The US must withdraw from the WTO

Editor’s note: Congressman Peter DeFazio is absolutely correct.

It will take years to fully understand the impact COVID-19 has unleashed on our country, but one thing we know for certain is that the pandemic has exposed the dangerous and indefensible public health and national security threats of hyperglobalization. It has revealed the frightening truth that after decades of corporate-rigged trade agreements and the outsourcing of U.S. manufacturing jobs and capacity, we are incapable of supplying our own citizens with critical materials essential to saving lives and combatting this public health emergency.

[Rep. Peter Defazio | June 18, 2020 | The Hill]

We cannot afford to wait years to address this vulnerability.

Simply strengthening medical supply chains won’t end this crisis, adequately prepare us for the next crisis – whenever and whatever it may be – or address structural failures that go far beyond just this emergency.

We need new rules for the global economy and new policies at home that will enable us to efficiently rebuild U.S. manufacturing capacity and spur the innovation and resilience domestic production capacity fosters.
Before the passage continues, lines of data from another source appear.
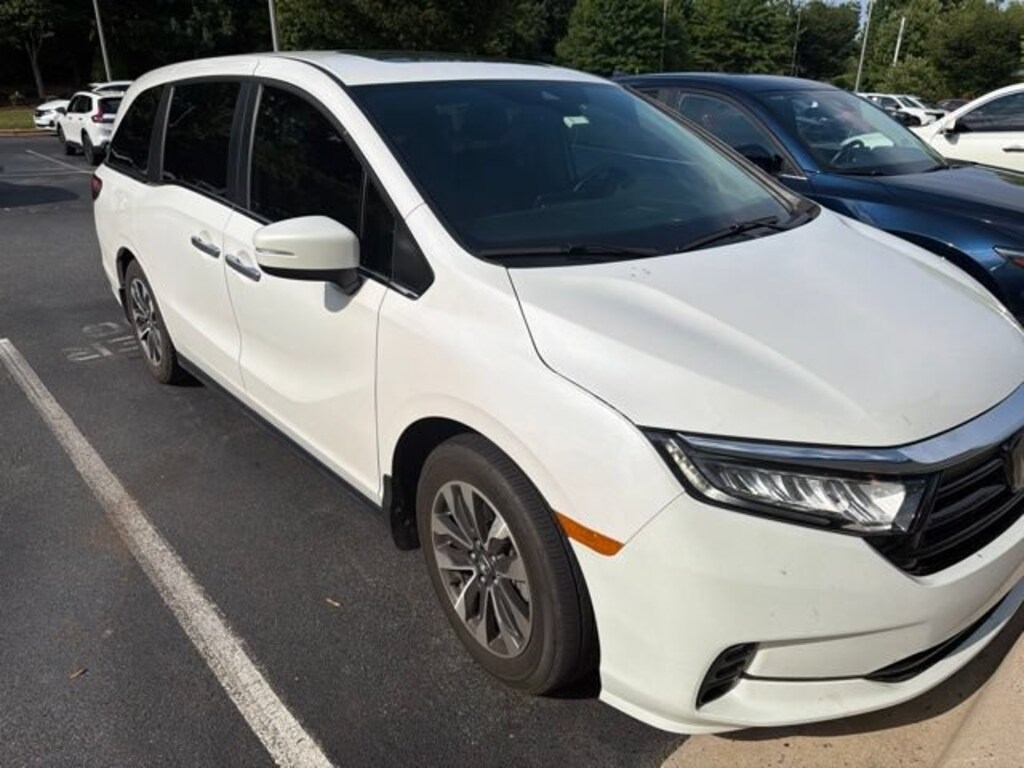 Used 2024 Honda Odyssey EX-L Van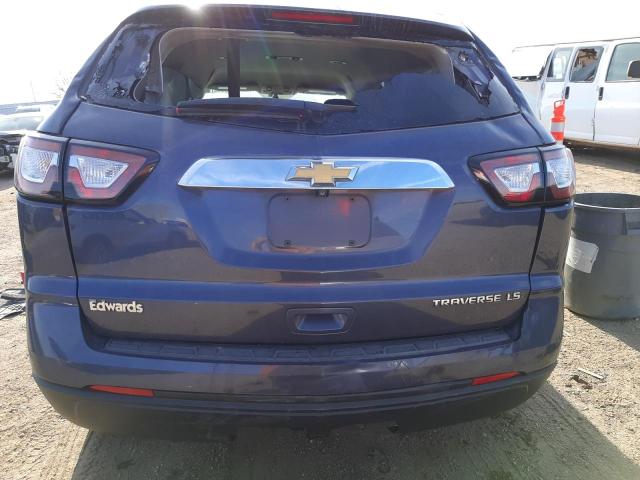 Photo 6 from auction – 2014 CHEVROLET TRAVERSE L with VIN 1GNKRFED1EJ144663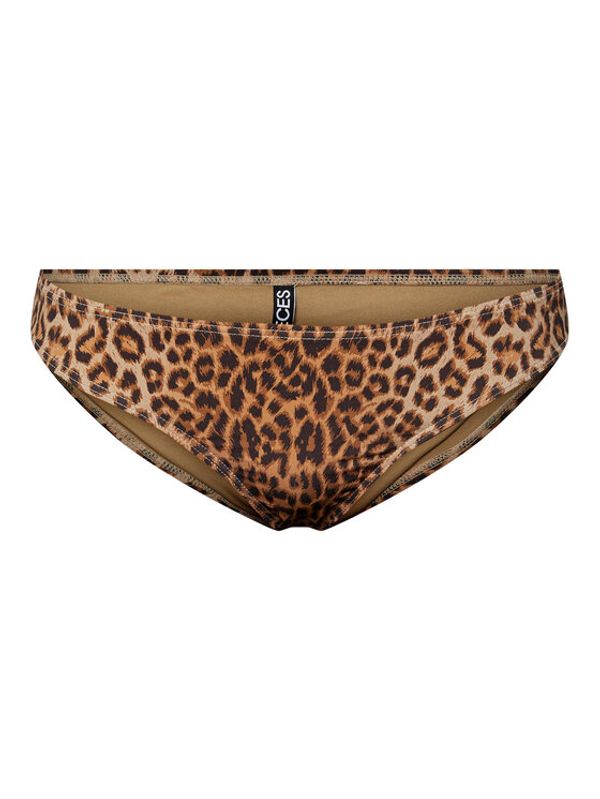 Pieces Pieces Долнище на бански 17134622 Черен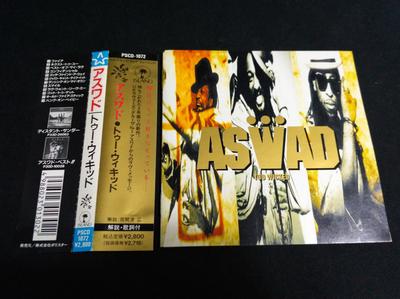CD ASWAD - Too Wicked PSCD1072 Mango 1990 Япония Регги, Ска и Даб Б/У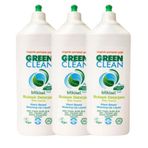 U Green Clean Organik Portakal Yağlı Bitkisel 3x730 ml Bulaşık Deterjanı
The goal is not U.S. self-sufficiency. Rather, we must both ensure significant domestic production capacity while diversifying our trade relationships in order to end overreliance on imports of critical goods from a few countries, most problematically, China.

However, U.S. participation in the World Trade Organization (WTO), as it exists today, is a barrier to this necessary evolution. This isn’t a gut reaction or flamboyant rhetoric – there is a clear track record that shows the WTO has been a disaster for the U.S.

That’s why I introduced legislation to start the process of withdrawing the U.S. from the WTO.

Twenty-five years after the WTO was established, it’s obvious that replacing the General Agreement on Tariffs and Trade (GATT) with the WTO was an even worse idea than many who opposed the WTO could have imagined. The WTO’s expansive non-trade terms prioritize corporate rights and low wages at the expense of democracy, social resiliency, and well-paying jobs here at home.

Since its establishment in 1995, but even more so since China joined in 2001, the WTO’s ban on Buy American and other domestic procurement preferences, its protections for foreign investors, and its lack of rules against currency misalignments and other forms of unfair trade practices have promoted the outsourcing of American production capacity and decimated well-paying manufacturing jobs.

These are the facts: a quarter of U.S. manufacturing jobs – roughly 5 million – lost. Sixty thousand U.S. factories shuttered. A U.S. goods and services trade deficit explosion of 265 percent, from $170 billion in 1994 to $617 billion in 2019.

The WTO has promoted corporate protectionism while banning commonsense consumer safeguards. In fact, WTO terms required the U.S. to extend for three years monopoly protections for pharmaceutical firms that they use to charge sky-high prices. It has also driven environmental destruction and led to the importation of unsafe and low-quality “throw away” products.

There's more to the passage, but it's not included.